### [BRIEF]
Word for word, transcribe the listing that follows, minus any pictures.

### [WORKING DATA]
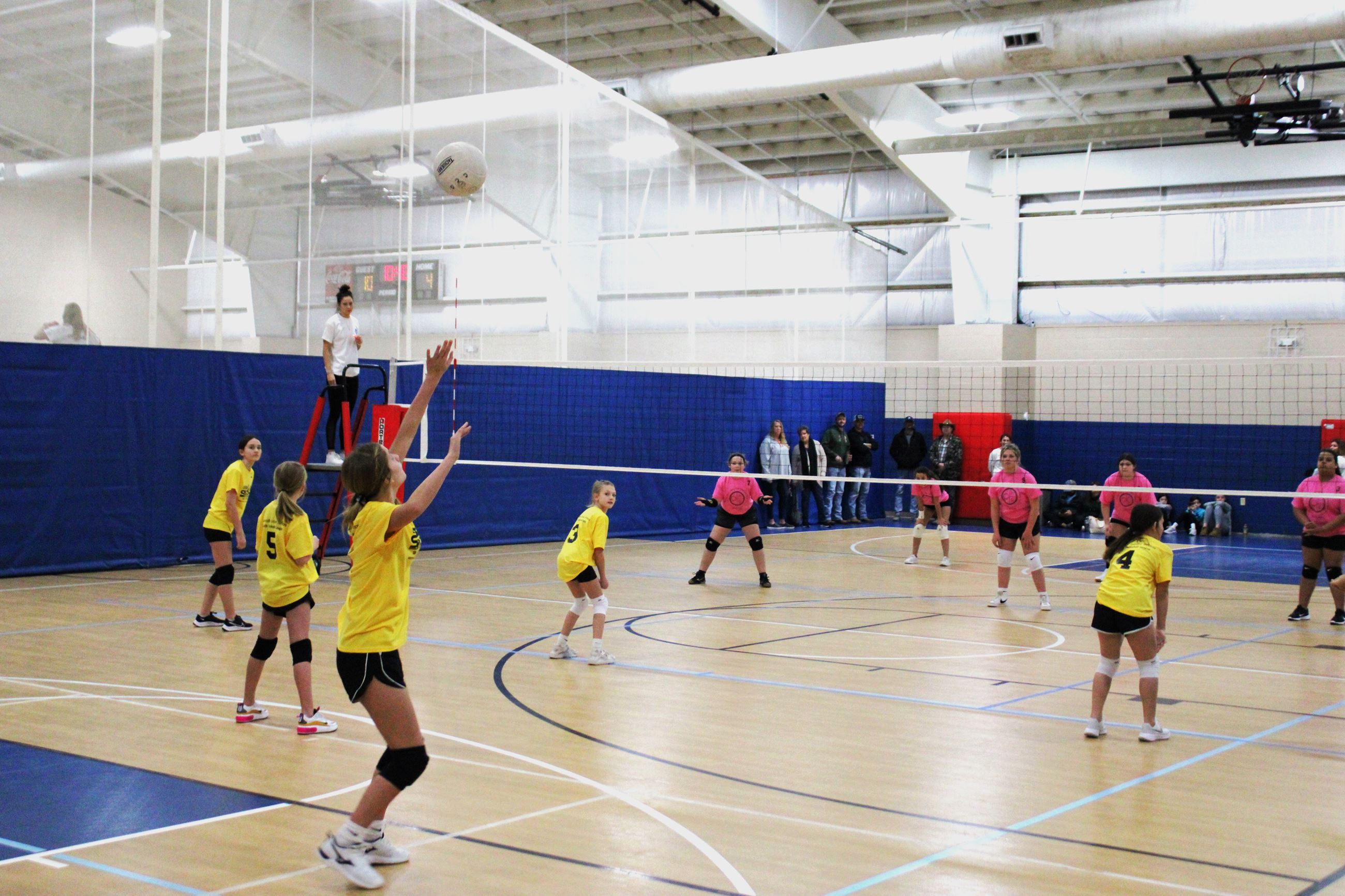 Teens playing volleyball in the Cane Creek Gymnasium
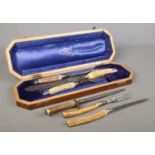 A cased three piece Joseph Rodgers bone handled carving set, together with one other uncased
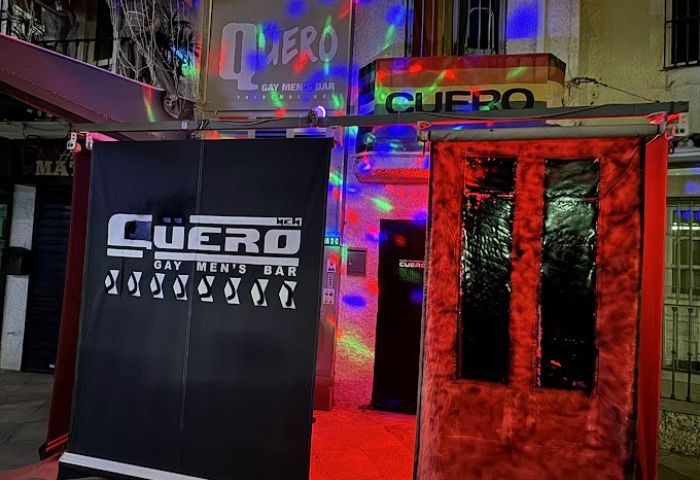 Cuero Cruising Club Torremolinos entrance. Gay men's bar with colorful lights. Nightlife destination in Torremolinos, Spain.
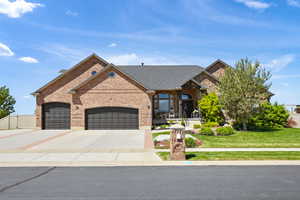 French provincial home with brick siding, an attached garage, a front yard, driveway, and a porch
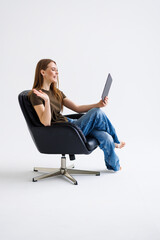Happy woman sitting in armchair with tablet having online meeting against white studio background.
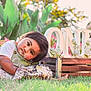 child, baby, cake, messy, grass, outdoor, flowers, greenery, wooden_crate, decorative_letters, one, birthday, celebration, cute, smudged_face, sunlight, nature, portrait, happy, playful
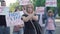 Confident Caucasian woman crossing hands in no gesture on demonstration against sexism and women rights violation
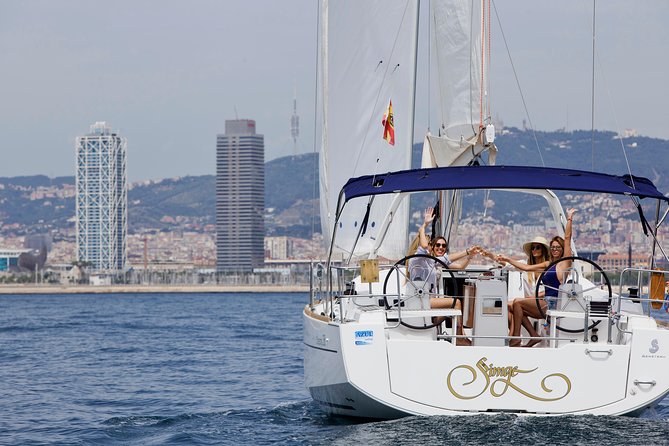1h Refreshing Sailing Tour in Barcelona with Open Bar & Snacks - What’s included on board: the open bar, snacks, and comfort basics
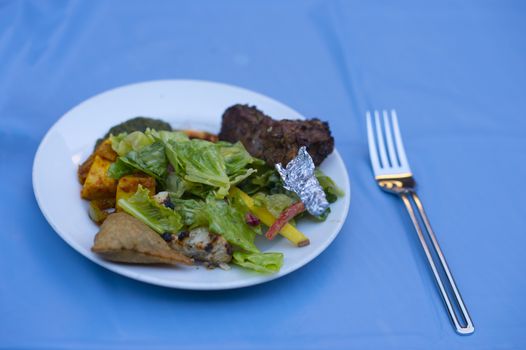 A plate of salad and meat ready to be consumed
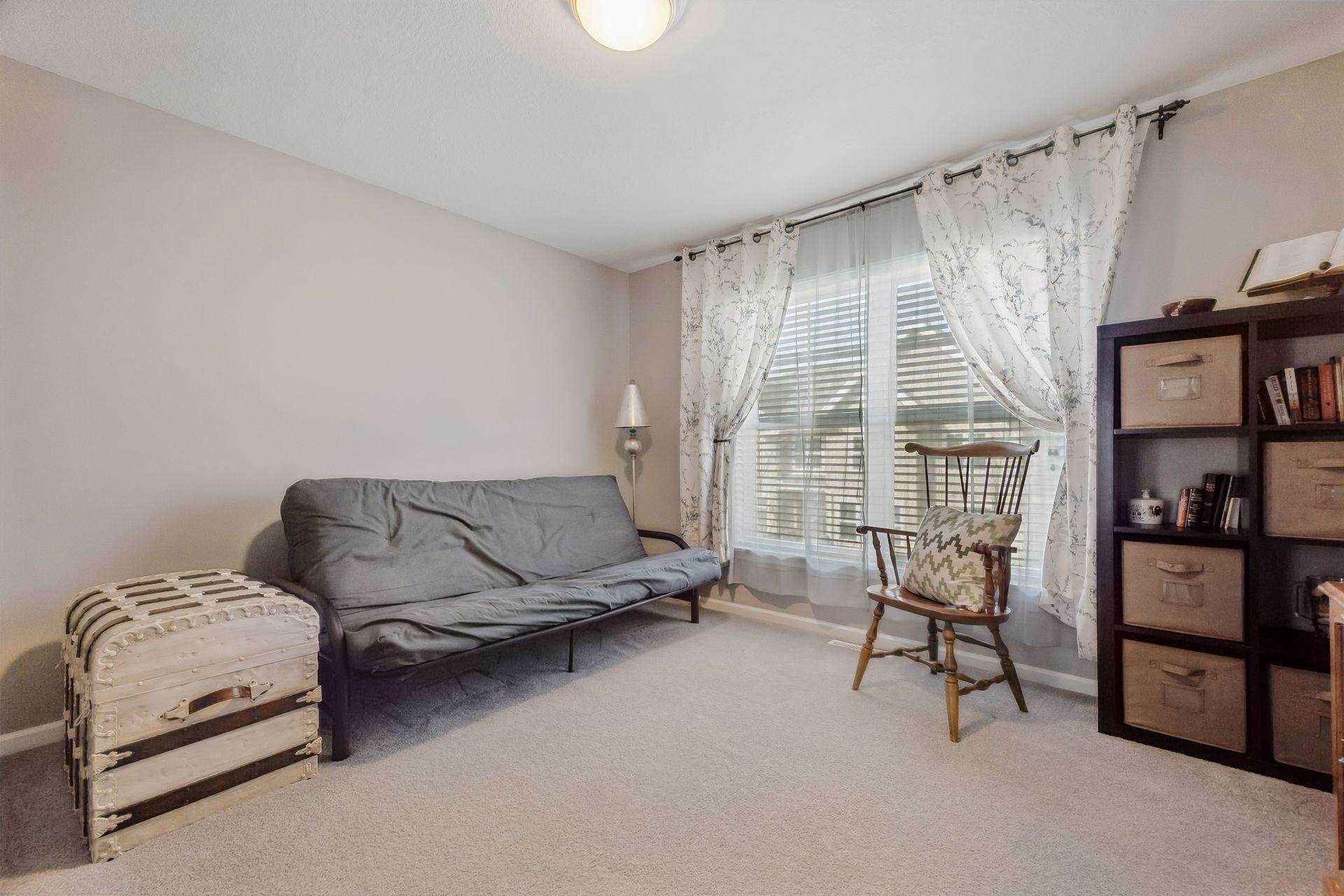 Second bedroom with large windows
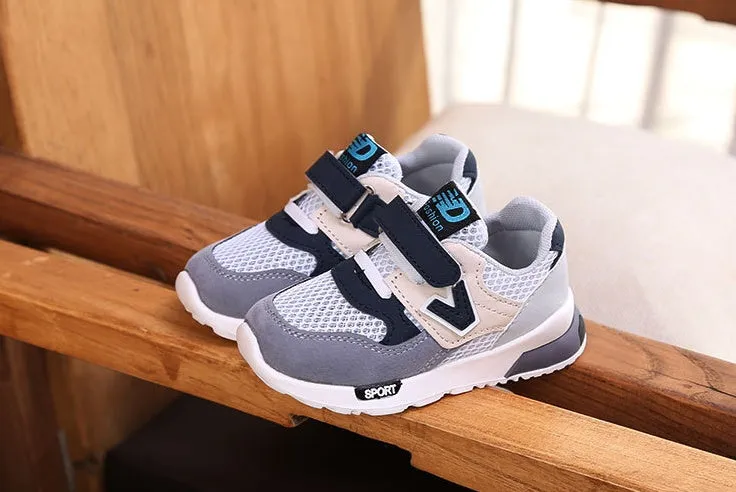 Girls running shoes with breathable mesh upper and TPR sole in grey colour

### [YOUR SOLUTION]
 Teens playing volleyball in the Cane Creek Gymnasium
 A cased three piece Joseph Rodgers bone handled carving set, together with one other uncased
 Cuero Cruising Club Torremolinos entrance. Gay men's bar with colorful lights. Nightlife destination in Torremolinos, Spain.
 French provincial home with brick siding, an attached garage, a front yard, driveway, and a porch
Happy woman sitting in armchair with tablet having online meeting against white studio background.
 child, baby, cake, messy, grass, outdoor, flowers, greenery, wooden_crate, decorative_letters, one, birthday, celebration, cute, smudged_face, sunlight, nature, portrait, happy, playful
 Confident Caucasian woman crossing hands in no gesture on demonstration against sexism and women rights violation
1h Refreshing Sailing Tour in Barcelona with Open Bar & Snacks - What’s included on board: the open bar, snacks, and comfort basics
 A plate of salad and meat ready to be consumed
 Second bedroom with large windows
 Girls running shoes with breathable mesh upper and TPR sole in grey colour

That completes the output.